Hermetic Sitemap Generator
As we said earlier, Hermetic Sitemap Generator is an offline XML Sitemap builder which scans files in a specified folder on te local hard drive and files in selected subfolders, and generates an XML Sitemap. This can then be submitted to search engines to help them index your website. This program can automatically set appropriate values of the change-frequency and priority tags for each file in the Sitemap.
Here is a sample screenshot:
Specifying the Top Folder
It is assumed that:
- All the files in the online website are contained in a local copy on your hard drive.
- All the files in the local copy are contained in a folder tree (starting with a top folder such as C:\websites\ace_hardware\).
- The structure of the folder tree on your website is mirrored in the structure of the folder tree on your local copy. (There may be subfolders of the top folder on your hard drive which do not correspond to any subfolders on your website.)

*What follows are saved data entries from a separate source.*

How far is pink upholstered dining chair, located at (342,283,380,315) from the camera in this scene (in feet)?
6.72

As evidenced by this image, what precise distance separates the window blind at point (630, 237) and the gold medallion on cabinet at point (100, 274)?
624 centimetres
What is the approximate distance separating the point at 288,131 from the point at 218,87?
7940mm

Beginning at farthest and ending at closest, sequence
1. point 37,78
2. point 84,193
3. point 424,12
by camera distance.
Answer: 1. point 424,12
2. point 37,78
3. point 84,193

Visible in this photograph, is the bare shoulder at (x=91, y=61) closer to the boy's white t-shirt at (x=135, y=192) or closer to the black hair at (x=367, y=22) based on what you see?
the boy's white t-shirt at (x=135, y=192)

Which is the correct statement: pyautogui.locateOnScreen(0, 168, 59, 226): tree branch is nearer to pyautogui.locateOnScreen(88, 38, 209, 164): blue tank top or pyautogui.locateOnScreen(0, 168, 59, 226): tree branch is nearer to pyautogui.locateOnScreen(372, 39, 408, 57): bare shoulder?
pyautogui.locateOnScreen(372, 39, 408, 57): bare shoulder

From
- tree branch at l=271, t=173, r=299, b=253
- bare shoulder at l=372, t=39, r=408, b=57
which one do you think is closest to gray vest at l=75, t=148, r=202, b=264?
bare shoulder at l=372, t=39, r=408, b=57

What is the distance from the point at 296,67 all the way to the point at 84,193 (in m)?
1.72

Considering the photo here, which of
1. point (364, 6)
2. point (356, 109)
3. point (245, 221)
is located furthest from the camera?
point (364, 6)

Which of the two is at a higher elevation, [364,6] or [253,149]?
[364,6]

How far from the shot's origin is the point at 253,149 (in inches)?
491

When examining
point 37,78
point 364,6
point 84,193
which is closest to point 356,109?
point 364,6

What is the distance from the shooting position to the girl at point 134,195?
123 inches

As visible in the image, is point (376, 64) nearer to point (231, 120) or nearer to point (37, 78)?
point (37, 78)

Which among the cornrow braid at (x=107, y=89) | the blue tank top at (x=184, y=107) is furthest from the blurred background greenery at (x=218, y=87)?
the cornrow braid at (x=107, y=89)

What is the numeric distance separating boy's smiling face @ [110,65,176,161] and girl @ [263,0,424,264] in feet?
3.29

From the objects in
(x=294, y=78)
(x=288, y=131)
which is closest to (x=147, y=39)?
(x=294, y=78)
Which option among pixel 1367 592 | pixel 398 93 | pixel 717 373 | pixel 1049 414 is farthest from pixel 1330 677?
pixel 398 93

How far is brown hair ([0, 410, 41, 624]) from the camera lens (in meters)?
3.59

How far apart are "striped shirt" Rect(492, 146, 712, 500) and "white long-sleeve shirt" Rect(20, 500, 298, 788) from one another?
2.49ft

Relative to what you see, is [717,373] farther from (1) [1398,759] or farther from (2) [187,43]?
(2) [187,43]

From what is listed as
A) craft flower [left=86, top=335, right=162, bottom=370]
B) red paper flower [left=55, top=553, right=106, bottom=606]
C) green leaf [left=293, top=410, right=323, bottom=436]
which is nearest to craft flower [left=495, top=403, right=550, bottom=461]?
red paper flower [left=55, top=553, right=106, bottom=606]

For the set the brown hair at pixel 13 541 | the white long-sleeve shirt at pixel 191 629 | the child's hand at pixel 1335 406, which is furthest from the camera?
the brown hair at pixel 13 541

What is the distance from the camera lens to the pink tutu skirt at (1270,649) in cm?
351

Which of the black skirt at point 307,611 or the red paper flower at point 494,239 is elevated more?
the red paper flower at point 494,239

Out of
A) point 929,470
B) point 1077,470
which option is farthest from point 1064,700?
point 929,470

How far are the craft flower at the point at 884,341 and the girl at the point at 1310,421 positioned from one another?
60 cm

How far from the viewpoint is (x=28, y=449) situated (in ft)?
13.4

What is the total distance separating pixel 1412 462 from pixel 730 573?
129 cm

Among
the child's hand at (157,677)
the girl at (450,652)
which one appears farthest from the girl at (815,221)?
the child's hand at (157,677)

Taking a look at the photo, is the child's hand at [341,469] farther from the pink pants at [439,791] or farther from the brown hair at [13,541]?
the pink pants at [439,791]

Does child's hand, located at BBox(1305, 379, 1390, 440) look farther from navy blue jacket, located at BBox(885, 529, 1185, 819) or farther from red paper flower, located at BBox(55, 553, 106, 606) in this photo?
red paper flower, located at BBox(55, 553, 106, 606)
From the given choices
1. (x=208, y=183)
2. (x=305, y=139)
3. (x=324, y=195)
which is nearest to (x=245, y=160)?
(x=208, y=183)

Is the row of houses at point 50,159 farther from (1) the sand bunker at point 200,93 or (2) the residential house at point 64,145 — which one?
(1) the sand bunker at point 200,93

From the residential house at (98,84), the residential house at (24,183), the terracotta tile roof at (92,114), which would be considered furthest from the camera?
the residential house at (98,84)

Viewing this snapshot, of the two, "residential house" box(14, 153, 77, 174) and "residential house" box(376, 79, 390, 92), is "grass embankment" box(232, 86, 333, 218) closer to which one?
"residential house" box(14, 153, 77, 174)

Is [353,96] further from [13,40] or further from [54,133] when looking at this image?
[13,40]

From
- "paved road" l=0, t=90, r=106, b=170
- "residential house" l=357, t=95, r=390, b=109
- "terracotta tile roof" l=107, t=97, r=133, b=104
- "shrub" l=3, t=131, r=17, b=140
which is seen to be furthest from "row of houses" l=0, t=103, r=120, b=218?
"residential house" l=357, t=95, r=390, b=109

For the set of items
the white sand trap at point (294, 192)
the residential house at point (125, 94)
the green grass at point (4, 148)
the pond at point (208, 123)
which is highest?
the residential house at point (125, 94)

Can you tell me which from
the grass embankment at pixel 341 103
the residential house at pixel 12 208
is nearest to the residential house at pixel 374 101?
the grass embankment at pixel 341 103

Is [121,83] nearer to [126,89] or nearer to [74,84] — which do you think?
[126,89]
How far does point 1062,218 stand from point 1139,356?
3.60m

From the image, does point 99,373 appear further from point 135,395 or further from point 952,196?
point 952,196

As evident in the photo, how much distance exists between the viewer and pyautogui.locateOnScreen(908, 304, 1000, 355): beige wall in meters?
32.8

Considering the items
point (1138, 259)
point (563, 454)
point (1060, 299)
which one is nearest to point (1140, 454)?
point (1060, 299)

- There may be (and probably are) files in the local copy which are not to be included in the Sitemap.
Hermetic Sitemap Generator scans the files in the top folder of your local copy and in all subfolders recursively to build the Sitemap.
Click on the 'Top folder' button to specify the top folder in the usual way, as shown above right.
Specifying the Website URL
The top folder on your local hard drive should correspond to the top folder on your website. When Hermetic Sitemap Generator builds the Sitemap it has to state a URL for each of the files on your website that are included in the Sitemap, so it has to know the URL for the top folder.
Included File Types
You can specify the file types to be included in the Sitemap by clicking on the 'Set file types' button, which brings up a panel as at right, with a list of all file types which can be included in Google search results. Only file types which are checked will be included when Hermetic Sitemap Generator generates the Sitemap file.
Click to enlarge
This panel must be displayed, and the 'Confirm' button clicked, at least once before files can be listed or a Sitemap built. This is to ensure that you are aware of what file types are allowed in the Sitemap (and thus what file types will automatically be excuded).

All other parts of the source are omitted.